On Wednesday Alcon Entertainment and Warner Bros. released the trailer to the remake of the 1991 film Point Break. And let's get this out of the way, haters: I will be in theaters to see it on Christmas Day. Cringe-worthy lines—"I believe that, like me, the people behind these robberies are extreme athletes," Johnny Utah—will keep the film light. High-risk, wing-suited BASE jumps, dangerous big wave riding, and next-level snowboarding on the Italian side of Mont Blanc has my heart exploding into a million Red Bull-fueled butterflies. The point is, I'm all-in on Point Break.
The remake features a cadre of professional action sports athletes as stunt doubles in some recognizable locations around the world. The new version drew mixed reviews. As BASE jumper Jeb Corliss, also the technical advisor for the film's wingsuit flying unit, says in the behind-the-scenes featurette: "Remaking a cult film has its risks."
With all due respect to Corliss, if The Fast and the Furious franchise can gross nearly $4 billion over seven films, with a reported eighth on the way, the risk in a Point Break remake is minimal. The 2001 original Fast and Furious basically stole the plot of Point Break, anyways.
VICE Sports spoke with stunt double and former Freeride World Tour Champion snowboarder Ralph Backstrom about the snow sequences in the film and people's negative reactions to remaking the classic. Fellow snowboarder and stunt double Lucas DeBari also weighed in.
Backstrom, 32, was one of five professional snowboarders selected as on-snow stunt doubles, along with DeBari, Xavier de Le Rue, Mitch Toelderer, and Mike Basich. Filming took place over two five-week sessions in Courmayeur, Italy. Backstrom rode in place of Édgar Ramírez, the Venezuelan-born actor cast as Bodhi.
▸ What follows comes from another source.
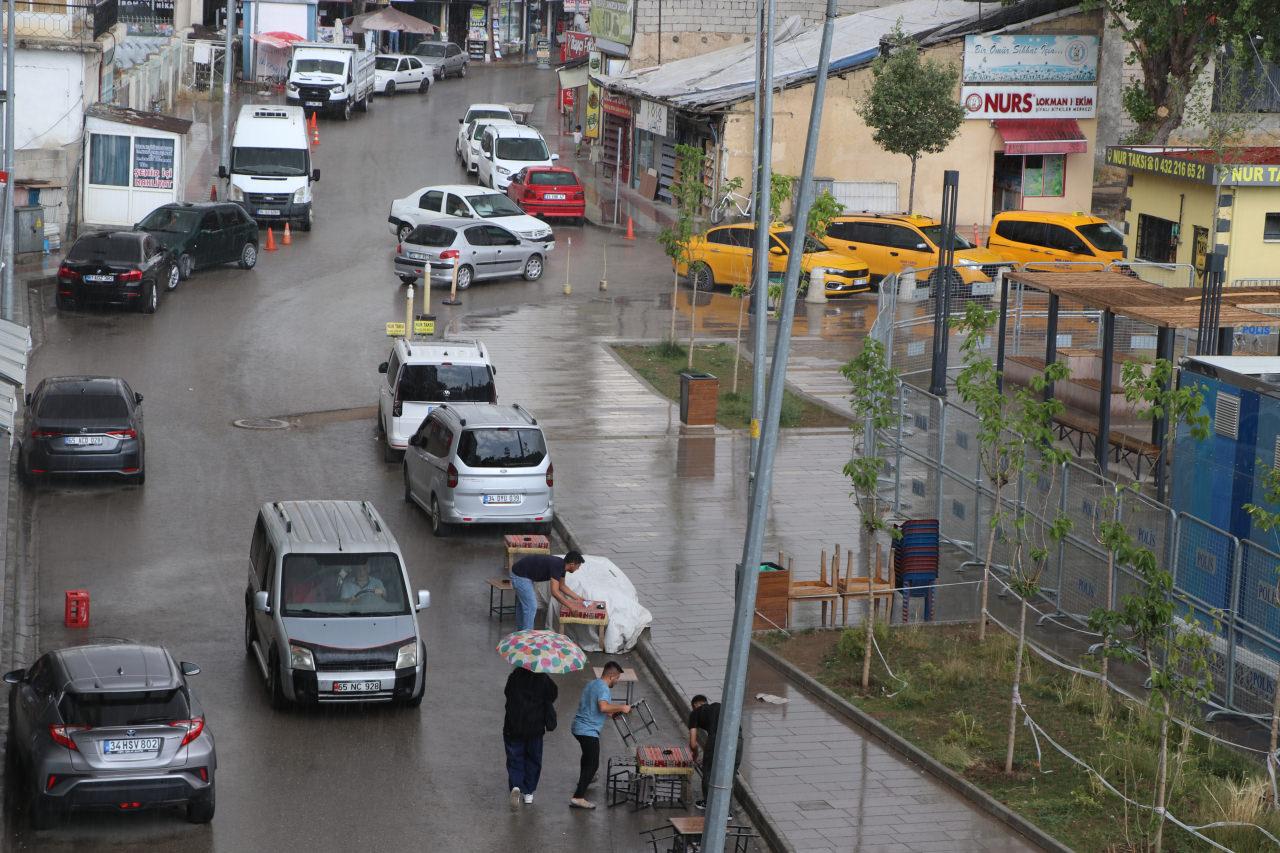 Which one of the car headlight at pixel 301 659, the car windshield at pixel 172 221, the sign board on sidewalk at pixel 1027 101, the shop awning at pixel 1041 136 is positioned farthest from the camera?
the shop awning at pixel 1041 136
DeBari and de Le Rue rode as Johnny Utah, played in the film by Australian actor Luke Bracey.
Legendary snowboarder and backcountry pioneer Jim Zellers contacted Backstrom about snowboarding in the film. Zellers and mountain guide Tom Burt, a legend in his own right, served as stunt coordinators for the new Point Break.
"I was definitely a fan of the original movie," Backstrom says. "I used to watch it on VHS at the ski club my parents were members of at Crystal Mountain in Washington. I was probably a little too young to fully appreciate it."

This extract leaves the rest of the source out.